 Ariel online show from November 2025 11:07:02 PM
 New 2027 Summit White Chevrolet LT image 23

§

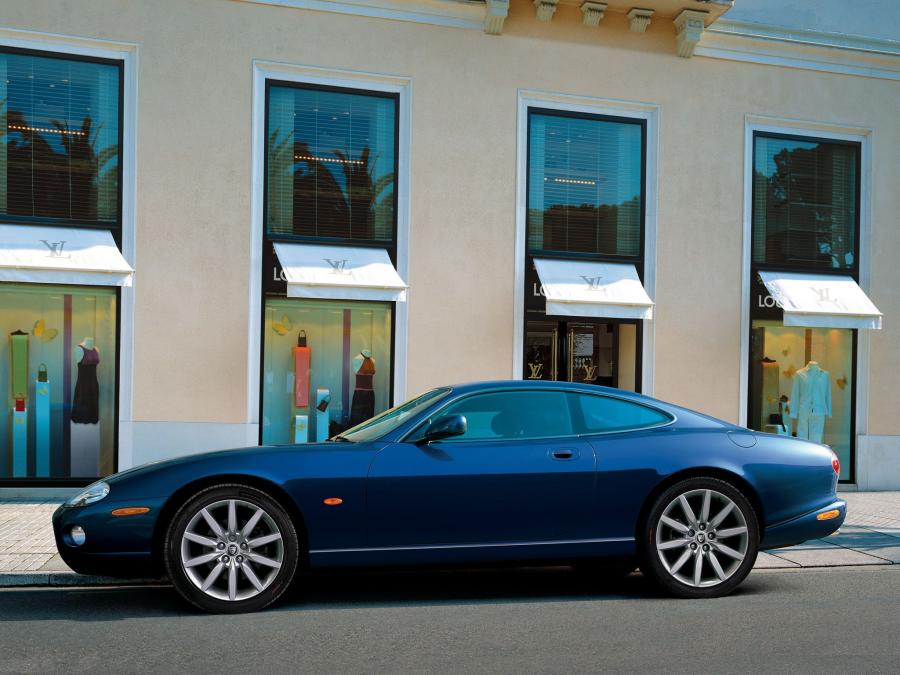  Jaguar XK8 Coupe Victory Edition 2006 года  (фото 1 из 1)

§

Write out exactly the lines above from the line with "Ariel online show" through the line with "New 2027 Summit White Chevrolet LT image 23", both of them included, and leave out all other lines.

— EXERCISE ANSWER —
 Ariel online show from November 2025 11:07:02 PM
 New 2027 Summit White Chevrolet LT image 23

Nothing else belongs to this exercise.